Fan said the sewer network suffers from frequent collapses and blockages. Colombo's storm water drains, some of which were constructed during the British colonial period, overflow during a heavy shower putting roads under water and blocking traffic.

Critics say Sri Lanka's post independent rulers, backed by an urban intelligentsia steeped in rural nationalism, have engaged in an anti-urbanization drive against the aspirations of their citizens, instead of going back to the villages and reversing urbanization themselves.

Rulers of East Asian nations on the other hand have facilitated the natural desires of socializing humans to gather in large cities and move out of agriculture into more gainful work that employs their brains instead of brawn.

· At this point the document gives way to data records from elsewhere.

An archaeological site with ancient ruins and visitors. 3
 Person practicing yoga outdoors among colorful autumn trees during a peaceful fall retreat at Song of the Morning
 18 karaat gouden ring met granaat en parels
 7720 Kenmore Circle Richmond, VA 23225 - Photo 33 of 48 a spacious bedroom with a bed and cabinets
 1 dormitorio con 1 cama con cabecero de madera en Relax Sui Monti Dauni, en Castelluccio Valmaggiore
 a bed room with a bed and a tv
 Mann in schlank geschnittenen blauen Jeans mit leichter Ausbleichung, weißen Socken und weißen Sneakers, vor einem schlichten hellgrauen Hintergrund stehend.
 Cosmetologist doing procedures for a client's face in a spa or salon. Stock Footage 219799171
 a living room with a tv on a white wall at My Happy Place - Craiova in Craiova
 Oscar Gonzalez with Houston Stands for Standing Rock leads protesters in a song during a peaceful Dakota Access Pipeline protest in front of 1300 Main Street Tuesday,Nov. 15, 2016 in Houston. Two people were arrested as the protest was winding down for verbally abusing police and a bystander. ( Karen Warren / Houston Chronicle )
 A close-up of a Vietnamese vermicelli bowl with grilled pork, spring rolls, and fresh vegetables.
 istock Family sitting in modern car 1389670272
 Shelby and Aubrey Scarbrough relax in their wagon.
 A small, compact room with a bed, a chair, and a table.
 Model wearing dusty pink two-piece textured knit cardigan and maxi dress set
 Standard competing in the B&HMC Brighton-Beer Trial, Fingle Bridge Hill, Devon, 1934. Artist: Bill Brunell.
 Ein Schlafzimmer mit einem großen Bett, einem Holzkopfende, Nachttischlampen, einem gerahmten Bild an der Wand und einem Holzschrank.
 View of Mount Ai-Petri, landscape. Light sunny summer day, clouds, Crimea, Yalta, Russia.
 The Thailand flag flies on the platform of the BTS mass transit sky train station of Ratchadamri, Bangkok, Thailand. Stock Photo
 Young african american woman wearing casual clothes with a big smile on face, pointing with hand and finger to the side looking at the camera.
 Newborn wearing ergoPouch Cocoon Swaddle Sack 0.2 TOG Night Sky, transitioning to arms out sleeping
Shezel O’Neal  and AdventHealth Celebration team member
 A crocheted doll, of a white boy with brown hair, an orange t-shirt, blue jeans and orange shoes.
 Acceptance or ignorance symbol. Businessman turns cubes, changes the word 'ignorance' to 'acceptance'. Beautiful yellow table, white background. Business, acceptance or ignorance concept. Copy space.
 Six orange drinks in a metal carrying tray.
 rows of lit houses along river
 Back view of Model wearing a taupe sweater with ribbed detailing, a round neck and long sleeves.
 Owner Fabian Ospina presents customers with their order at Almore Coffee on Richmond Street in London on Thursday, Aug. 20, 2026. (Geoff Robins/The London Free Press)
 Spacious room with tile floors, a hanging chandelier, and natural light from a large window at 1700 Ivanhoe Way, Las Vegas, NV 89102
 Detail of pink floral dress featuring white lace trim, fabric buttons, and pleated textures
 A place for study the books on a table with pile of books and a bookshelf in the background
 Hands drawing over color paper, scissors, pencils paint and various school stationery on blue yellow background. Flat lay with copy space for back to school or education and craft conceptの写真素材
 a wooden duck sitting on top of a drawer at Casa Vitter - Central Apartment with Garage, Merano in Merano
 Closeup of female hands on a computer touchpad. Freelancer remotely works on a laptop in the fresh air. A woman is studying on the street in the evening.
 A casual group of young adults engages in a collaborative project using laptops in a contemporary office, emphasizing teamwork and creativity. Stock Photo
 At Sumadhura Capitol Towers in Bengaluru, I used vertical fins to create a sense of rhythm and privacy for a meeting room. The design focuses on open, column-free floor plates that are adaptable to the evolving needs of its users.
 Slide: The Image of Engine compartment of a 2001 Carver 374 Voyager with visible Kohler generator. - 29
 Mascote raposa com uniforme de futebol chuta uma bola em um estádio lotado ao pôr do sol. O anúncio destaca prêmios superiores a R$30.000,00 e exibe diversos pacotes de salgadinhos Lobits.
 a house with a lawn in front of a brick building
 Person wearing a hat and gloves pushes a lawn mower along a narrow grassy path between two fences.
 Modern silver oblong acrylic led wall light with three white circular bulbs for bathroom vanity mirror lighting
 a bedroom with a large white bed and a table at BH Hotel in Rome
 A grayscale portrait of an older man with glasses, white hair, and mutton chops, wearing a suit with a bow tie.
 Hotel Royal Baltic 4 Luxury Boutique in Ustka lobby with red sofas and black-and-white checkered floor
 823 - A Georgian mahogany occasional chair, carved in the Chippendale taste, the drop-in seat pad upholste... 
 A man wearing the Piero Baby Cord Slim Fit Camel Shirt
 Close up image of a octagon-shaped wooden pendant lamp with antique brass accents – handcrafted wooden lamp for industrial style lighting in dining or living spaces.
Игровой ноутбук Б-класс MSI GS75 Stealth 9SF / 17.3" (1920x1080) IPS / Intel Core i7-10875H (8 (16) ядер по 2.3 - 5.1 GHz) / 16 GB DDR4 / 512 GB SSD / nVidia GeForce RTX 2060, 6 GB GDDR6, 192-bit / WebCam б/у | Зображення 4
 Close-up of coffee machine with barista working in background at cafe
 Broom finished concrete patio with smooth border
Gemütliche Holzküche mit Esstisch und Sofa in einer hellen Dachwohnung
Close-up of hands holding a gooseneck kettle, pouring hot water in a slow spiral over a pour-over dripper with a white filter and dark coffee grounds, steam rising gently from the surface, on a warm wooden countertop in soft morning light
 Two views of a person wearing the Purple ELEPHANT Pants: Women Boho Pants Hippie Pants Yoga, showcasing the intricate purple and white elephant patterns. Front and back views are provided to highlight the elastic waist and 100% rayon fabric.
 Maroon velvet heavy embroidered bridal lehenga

Critics say rules of China and Vietnam in particular have bowed to the aspirations of their citizens in a big way in the last two decades.

India, which started to give increasing economic freedoms to citizens from 1991, has seen sweeping urbanization, through infrastructure is creaking under the demand.

Sri Lanka's current administration has started to upgrade city infrastructure.

Meanwhile the ADB said its 300 million dollar loans will have tranches targeted at different aspects of a 400 million Us dollar state program to expand water and sanitation in the greater Colombo area.

The first tranche of 84 million US dollars will focus on cutting water losses at state-run National Water Supply Drainage Board, which is suffering losses due to so-called 'non-revenue' water.

Each year the water agency is estimated to lose 13 million US dollars worth water.

The ADB said the program aims to make 24 hours a day water available throughout greater Colombo by 2020 with a focus on improving services in underserved areas, cut water losses from 50 percent to 20 percent by 2020 and expand sewer network coverage to 100 percent.

ADB money will be used to repair and replace water transmission and distribution pipes and pumps, install high quality meters, and implement network mapping and leakage controls.